Public transit operator in Bloomington, Indiana, U.S.

Bloomington Transit is the provider of mass transportation in Bloomington, Indiana, United States. 13 routes are operated, with many connected to Indiana University. It is owned by the Bloomington Public Transportation Corporation, a municipal corporation.

==Route list==
There are 15 regularly scheduled bus routes.
- Route 1 North – Fee Lane / Bloomington High School North
- Route 2 South – South Rogers / Country View Apts
- Route 2 West – 11th Street via Showers Complex
- Route 3 – College Mall / IU Health Hospital
- Route 4 South – High Street / Sherwood Oaks
- Route 4 West – Bloomfield Road / Heatherwood
- Route 5 – Sare Road
- Route 6 – Campus Shuttle
- Route 7 – South Walnut / Clear Creek
- Route 9 – IU Campus / College Mall
- Route 9L - Limited
- Route 11 - West 17th Street / IU Campus Express
- Route 12 - North Walnut / IU Campus Express
- Route 14 - Muller Park / IU Campus Express
- Route 16 - West Side

==Former routes==
The following routes have been removed from service.

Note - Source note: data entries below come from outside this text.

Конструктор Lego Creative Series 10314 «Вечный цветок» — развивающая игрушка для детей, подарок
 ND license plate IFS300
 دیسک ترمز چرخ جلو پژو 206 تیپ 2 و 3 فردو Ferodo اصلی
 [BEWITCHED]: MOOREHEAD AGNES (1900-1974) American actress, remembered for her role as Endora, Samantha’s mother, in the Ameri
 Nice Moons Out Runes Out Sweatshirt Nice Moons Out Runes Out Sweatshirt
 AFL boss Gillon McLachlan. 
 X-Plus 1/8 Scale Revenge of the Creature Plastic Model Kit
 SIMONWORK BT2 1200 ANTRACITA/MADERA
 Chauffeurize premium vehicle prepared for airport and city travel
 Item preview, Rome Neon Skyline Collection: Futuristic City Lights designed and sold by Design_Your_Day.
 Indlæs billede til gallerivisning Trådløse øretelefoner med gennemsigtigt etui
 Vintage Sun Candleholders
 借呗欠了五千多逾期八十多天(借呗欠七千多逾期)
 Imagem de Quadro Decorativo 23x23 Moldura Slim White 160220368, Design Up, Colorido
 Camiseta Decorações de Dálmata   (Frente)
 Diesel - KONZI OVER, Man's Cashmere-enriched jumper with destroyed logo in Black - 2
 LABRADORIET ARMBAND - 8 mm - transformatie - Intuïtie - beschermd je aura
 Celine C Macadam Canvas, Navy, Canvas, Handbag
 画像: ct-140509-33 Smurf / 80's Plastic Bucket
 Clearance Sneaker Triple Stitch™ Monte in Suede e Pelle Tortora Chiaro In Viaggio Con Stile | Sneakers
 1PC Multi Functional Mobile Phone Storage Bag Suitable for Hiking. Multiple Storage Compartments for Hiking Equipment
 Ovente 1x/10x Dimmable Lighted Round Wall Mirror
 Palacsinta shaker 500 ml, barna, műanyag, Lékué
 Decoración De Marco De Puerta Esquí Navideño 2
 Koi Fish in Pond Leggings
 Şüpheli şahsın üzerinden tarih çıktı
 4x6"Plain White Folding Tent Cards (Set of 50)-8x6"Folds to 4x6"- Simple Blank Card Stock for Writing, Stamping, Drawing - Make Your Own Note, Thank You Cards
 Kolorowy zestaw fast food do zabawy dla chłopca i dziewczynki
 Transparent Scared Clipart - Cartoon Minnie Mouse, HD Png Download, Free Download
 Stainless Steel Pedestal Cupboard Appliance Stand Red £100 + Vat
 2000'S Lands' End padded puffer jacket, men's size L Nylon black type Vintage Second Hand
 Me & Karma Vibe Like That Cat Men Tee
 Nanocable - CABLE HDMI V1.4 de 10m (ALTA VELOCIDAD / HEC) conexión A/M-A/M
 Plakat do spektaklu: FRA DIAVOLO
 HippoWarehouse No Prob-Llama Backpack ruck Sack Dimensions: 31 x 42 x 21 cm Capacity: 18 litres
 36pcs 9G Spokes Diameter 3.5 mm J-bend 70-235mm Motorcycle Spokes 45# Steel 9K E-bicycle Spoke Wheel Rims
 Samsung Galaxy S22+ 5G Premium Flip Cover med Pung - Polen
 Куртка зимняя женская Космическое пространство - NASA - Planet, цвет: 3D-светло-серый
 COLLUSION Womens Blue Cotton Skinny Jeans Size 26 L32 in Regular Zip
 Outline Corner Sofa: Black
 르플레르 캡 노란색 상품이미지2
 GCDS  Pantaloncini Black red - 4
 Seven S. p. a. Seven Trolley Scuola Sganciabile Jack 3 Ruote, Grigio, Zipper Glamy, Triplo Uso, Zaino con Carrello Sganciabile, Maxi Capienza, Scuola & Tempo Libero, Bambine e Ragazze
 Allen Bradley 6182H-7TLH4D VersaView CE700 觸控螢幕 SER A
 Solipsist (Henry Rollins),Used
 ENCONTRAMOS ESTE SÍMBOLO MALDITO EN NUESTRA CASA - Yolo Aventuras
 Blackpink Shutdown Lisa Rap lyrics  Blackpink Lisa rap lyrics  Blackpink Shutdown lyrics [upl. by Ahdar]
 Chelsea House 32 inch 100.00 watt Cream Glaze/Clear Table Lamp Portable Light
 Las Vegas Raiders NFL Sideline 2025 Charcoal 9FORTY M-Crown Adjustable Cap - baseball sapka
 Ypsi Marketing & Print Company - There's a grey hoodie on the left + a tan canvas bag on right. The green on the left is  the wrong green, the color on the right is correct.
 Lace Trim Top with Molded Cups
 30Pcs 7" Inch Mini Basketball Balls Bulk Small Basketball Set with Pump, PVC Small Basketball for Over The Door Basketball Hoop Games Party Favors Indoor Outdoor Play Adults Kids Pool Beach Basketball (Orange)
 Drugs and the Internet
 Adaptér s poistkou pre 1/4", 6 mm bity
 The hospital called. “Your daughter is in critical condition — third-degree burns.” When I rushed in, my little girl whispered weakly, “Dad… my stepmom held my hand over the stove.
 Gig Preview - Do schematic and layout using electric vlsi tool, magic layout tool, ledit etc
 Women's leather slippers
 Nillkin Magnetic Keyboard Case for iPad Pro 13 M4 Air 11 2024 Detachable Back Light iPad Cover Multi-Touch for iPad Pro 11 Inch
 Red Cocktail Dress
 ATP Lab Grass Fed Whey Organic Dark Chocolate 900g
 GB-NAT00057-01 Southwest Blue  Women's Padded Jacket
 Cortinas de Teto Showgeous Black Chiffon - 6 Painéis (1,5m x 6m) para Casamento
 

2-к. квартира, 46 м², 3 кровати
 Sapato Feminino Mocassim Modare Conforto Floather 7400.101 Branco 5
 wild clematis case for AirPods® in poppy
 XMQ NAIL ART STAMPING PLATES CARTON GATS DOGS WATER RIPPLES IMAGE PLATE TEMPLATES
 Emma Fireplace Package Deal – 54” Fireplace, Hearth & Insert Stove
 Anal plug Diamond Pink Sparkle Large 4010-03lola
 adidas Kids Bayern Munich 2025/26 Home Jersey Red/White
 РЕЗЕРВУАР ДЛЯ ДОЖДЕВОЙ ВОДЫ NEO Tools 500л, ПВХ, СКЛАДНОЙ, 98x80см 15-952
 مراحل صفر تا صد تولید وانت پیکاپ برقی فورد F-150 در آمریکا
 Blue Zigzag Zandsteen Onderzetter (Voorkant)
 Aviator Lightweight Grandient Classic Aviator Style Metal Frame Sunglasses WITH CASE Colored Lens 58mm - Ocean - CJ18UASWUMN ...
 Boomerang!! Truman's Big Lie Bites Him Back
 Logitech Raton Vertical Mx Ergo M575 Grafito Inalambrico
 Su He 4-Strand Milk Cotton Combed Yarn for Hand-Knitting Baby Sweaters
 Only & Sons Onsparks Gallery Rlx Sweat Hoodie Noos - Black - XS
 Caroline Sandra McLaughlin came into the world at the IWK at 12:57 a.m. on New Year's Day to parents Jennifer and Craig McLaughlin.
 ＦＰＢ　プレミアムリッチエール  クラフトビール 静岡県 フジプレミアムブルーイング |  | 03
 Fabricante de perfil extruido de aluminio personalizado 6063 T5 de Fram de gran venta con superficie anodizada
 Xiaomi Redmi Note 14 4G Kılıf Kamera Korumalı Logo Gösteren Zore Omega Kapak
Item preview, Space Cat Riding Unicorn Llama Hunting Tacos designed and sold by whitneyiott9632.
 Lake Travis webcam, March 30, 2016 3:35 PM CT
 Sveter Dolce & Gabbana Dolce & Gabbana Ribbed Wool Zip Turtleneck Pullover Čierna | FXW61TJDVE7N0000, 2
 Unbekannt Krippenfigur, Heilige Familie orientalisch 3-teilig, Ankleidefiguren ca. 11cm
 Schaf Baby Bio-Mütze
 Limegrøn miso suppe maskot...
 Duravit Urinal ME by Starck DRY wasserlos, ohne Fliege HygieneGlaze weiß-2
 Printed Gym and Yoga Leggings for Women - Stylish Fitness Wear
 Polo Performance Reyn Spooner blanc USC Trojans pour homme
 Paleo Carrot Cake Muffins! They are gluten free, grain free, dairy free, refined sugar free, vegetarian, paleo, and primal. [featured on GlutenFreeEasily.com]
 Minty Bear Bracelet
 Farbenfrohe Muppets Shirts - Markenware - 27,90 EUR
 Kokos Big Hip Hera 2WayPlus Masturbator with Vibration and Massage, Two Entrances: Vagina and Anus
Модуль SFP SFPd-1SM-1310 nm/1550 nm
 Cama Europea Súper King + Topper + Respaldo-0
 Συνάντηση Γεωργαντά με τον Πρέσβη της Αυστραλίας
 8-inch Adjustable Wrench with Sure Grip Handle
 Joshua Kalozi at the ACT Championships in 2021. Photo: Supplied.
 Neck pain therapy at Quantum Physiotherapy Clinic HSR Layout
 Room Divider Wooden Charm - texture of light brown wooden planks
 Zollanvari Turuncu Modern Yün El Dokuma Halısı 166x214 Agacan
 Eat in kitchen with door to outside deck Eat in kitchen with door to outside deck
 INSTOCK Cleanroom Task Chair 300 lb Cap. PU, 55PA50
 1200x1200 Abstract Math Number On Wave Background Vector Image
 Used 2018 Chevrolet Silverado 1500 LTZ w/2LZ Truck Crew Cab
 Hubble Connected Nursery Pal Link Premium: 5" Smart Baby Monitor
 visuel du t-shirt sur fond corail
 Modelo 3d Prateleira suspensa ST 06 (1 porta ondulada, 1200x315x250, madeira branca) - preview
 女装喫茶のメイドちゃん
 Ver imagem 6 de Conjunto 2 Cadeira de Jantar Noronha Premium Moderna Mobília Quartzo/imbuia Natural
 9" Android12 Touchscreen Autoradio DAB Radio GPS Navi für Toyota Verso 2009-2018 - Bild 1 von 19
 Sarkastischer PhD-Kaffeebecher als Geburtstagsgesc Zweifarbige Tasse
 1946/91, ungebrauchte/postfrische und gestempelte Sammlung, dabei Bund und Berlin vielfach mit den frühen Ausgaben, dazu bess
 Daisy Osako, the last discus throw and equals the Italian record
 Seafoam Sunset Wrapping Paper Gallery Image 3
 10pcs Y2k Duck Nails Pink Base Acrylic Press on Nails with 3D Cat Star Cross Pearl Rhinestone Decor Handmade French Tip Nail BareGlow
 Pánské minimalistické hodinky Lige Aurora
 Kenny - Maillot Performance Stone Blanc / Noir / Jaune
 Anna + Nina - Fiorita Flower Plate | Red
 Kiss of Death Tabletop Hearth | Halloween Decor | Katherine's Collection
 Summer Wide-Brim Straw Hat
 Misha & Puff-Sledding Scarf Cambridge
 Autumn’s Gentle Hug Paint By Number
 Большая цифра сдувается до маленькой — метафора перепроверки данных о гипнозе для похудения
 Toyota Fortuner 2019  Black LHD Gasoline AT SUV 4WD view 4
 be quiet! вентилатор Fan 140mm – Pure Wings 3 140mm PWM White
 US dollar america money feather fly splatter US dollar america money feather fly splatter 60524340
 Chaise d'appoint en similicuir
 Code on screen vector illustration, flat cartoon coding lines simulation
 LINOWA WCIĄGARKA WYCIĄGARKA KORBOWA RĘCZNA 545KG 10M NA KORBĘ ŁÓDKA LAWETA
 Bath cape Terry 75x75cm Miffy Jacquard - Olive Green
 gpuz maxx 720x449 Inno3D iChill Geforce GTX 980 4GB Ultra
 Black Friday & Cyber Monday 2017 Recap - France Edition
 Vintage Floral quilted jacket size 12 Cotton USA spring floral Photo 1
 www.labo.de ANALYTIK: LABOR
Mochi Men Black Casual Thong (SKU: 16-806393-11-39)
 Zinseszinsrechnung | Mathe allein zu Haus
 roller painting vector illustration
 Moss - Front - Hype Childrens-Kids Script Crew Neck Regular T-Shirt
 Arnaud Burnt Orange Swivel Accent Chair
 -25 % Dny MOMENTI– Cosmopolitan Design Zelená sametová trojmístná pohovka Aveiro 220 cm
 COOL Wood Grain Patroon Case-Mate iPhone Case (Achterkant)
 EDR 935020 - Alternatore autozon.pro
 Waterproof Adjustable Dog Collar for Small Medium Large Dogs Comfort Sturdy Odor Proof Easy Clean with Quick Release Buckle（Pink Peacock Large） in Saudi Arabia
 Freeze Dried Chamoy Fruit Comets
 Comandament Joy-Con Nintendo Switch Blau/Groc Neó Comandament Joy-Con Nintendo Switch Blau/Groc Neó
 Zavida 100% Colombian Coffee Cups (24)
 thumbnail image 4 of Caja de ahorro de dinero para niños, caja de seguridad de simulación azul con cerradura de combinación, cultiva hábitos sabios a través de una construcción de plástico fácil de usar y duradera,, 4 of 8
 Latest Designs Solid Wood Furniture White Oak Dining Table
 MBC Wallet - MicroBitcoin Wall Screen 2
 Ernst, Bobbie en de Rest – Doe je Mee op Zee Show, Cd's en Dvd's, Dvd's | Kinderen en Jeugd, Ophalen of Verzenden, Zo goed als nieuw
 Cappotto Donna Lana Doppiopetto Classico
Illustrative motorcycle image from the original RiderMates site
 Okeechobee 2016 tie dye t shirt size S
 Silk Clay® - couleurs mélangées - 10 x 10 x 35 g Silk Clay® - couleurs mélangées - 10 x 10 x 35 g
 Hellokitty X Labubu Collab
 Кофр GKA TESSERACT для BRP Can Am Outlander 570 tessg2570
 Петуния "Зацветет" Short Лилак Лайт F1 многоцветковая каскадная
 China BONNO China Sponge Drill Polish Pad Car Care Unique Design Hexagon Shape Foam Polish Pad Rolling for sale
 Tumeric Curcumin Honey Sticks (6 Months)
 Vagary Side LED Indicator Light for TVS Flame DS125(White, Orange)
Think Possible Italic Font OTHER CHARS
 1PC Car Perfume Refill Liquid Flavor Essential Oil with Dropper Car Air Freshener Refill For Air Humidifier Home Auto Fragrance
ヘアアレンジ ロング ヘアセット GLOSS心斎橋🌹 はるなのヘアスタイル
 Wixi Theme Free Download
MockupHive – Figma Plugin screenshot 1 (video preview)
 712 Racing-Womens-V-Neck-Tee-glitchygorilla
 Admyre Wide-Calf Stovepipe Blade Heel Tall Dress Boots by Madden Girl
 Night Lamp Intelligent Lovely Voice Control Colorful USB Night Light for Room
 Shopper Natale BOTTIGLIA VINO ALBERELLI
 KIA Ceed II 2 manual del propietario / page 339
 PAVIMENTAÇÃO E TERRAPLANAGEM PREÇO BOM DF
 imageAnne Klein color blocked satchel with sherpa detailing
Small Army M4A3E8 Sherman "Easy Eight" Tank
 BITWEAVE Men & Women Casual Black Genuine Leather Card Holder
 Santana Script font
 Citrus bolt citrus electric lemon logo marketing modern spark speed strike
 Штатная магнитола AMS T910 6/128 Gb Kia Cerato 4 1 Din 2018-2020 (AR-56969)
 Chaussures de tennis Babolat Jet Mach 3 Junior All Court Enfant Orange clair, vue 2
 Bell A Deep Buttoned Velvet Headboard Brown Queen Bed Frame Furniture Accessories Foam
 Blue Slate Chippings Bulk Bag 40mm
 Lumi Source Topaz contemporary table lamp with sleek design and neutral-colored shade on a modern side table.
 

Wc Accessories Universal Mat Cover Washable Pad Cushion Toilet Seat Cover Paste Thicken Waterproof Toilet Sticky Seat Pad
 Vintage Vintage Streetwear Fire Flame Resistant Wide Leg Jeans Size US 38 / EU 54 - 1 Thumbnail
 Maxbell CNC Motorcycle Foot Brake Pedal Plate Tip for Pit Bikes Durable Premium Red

- 1 South - South Walnut/Arbor Glen. Removed August 2022. Replaced by 7.
- 6L - Limited. Removed August 2025.
- 8 - Eastside Local. Removed August 2022.
- 10 - East 10th/IU Health Hospital. Removed August 2022.
- 3 West – Highland Village / Curry Pike. Removed May 31, 2026.
- 13 - Park 48 / Ivy Tech. Removed May 31, 2026

==Bloomington Transit Center==
The Bloomington Transit Center is located on the south end of downtown Bloomington (corner Walnut St and Third St), and serves as the primary transfer point for Bloomington Transit. The facility opened on August 20, 2014, at a cost of $9.5 million. The transit center includes an indoor waiting area, restrooms, vending machines, and canopies over the bus loading area to protect riders from the weather.

Miller Transportation (aka Hoosier Ride) intercity buses stop at the transit center as well.